■ Listed entries
• • • • •

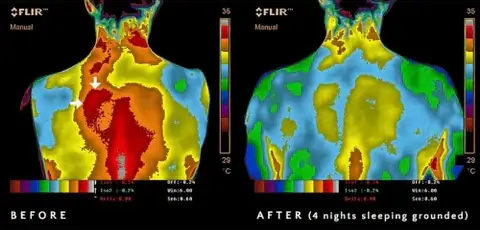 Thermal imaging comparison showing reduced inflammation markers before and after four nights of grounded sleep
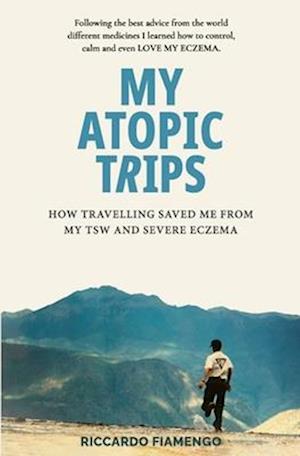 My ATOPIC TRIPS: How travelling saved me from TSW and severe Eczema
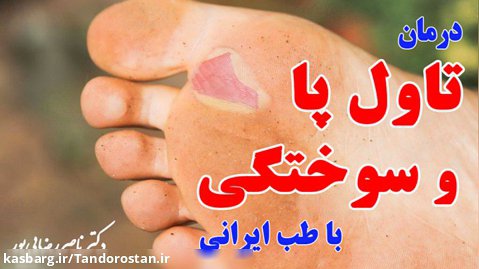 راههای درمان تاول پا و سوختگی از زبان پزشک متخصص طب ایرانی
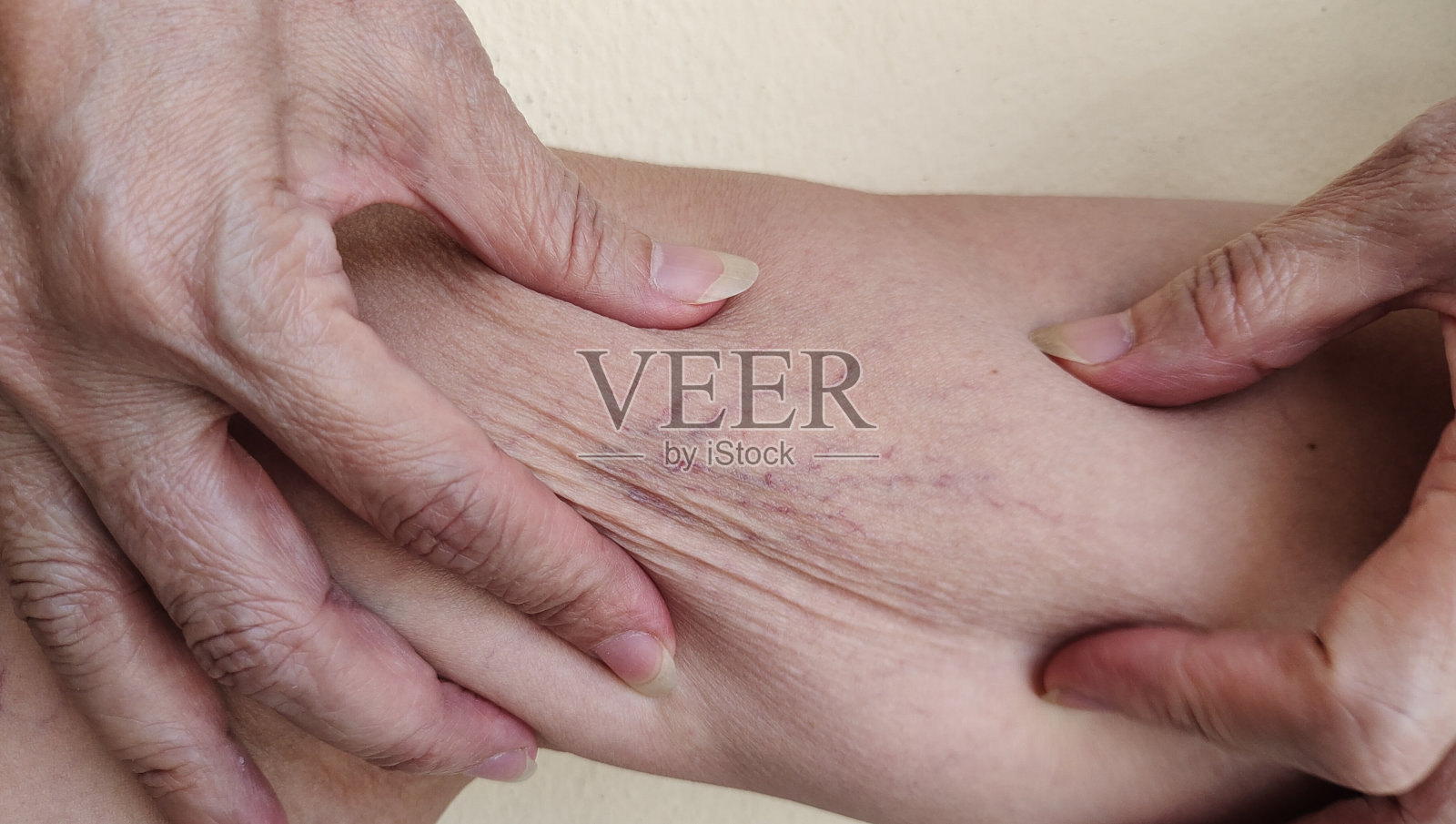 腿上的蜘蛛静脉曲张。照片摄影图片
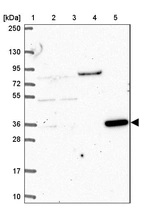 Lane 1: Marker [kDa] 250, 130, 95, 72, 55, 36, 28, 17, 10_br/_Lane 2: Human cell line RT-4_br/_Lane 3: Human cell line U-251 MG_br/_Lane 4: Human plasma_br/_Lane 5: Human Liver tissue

• • • • •

■ Directions
Copy only what lies between the start of the listing above and the line containing "腿上的蜘蛛静脉曲张。照片摄影图片", inclusive of both ends, exactly as written, and drop the pictures.

■ Worked solution
 Thermal imaging comparison showing reduced inflammation markers before and after four nights of grounded sleep
 My ATOPIC TRIPS: How travelling saved me from TSW and severe Eczema
 راههای درمان تاول پا و سوختگی از زبان پزشک متخصص طب ایرانی
 腿上的蜘蛛静脉曲张。照片摄影图片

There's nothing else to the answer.